**Problem to solve**
Output the data in full. Keep every word exact and exclude the pictures.

[[ Task input open ]]

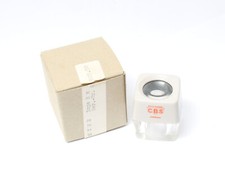 Lupe 8x achromatisch "Beck Kassel CBS". Germany. Unbenutzt!  Nr.1317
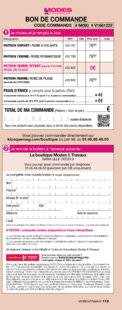 Modes & Travaux 1509 MODES & TRAVAUX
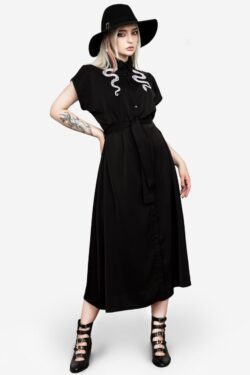 Disturbia — Slither (Midi)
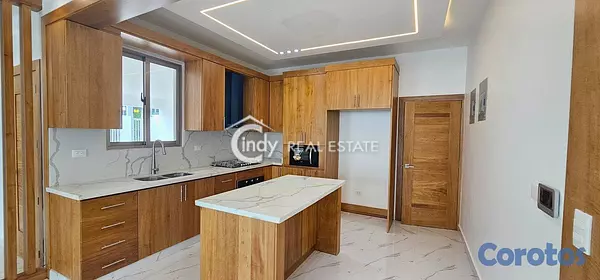 casas - Venta Casa Lujo 400m² - 4 Hab - 4 Baños -Santiago 7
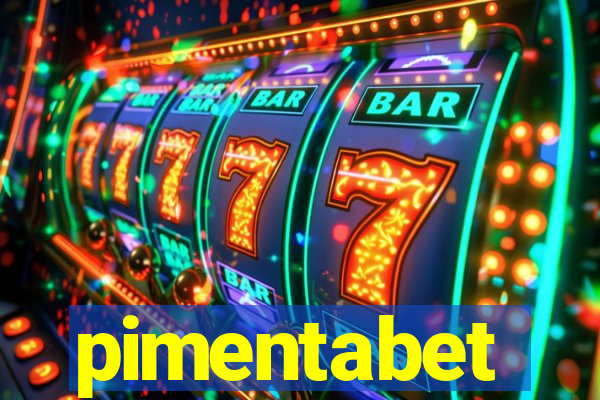 pimentabet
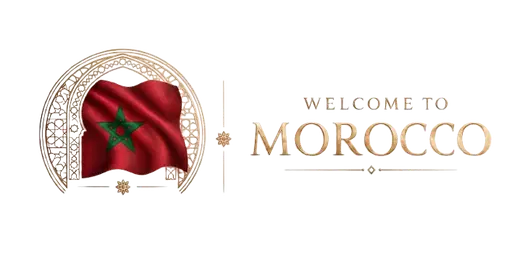 Welcome to Morocco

[[ Task input closed ]]

**Output below**
 Lupe 8x achromatisch "Beck Kassel CBS". Germany. Unbenutzt!  Nr.1317
 Modes & Travaux 1509 MODES & TRAVAUX
 Disturbia — Slither (Midi)
 casas - Venta Casa Lujo 400m² - 4 Hab - 4 Baños -Santiago 7
 pimentabet
 Welcome to Morocco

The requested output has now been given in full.